## Problem statement
Each record must be printed exactly as given.

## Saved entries
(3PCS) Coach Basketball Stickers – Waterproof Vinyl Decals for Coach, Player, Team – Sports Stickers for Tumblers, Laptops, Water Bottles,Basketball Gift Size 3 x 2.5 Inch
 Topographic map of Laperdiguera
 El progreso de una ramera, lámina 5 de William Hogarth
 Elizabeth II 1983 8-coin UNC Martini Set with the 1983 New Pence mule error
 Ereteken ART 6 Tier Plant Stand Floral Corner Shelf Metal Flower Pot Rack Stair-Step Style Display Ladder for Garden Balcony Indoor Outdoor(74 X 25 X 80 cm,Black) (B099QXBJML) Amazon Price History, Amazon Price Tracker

## Response
(3PCS) Coach Basketball Stickers – Waterproof Vinyl Decals for Coach, Player, Team – Sports Stickers for Tumblers, Laptops, Water Bottles,Basketball Gift Size 3 x 2.5 Inch
 Topographic map of Laperdiguera
 El progreso de una ramera, lámina 5 de William Hogarth
 Elizabeth II 1983 8-coin UNC Martini Set with the 1983 New Pence mule error
 Ereteken ART 6 Tier Plant Stand Floral Corner Shelf Metal Flower Pot Rack Stair-Step Style Display Ladder for Garden Balcony Indoor Outdoor(74 X 25 X 80 cm,Black) (B099QXBJML) Amazon Price History, Amazon Price Tracker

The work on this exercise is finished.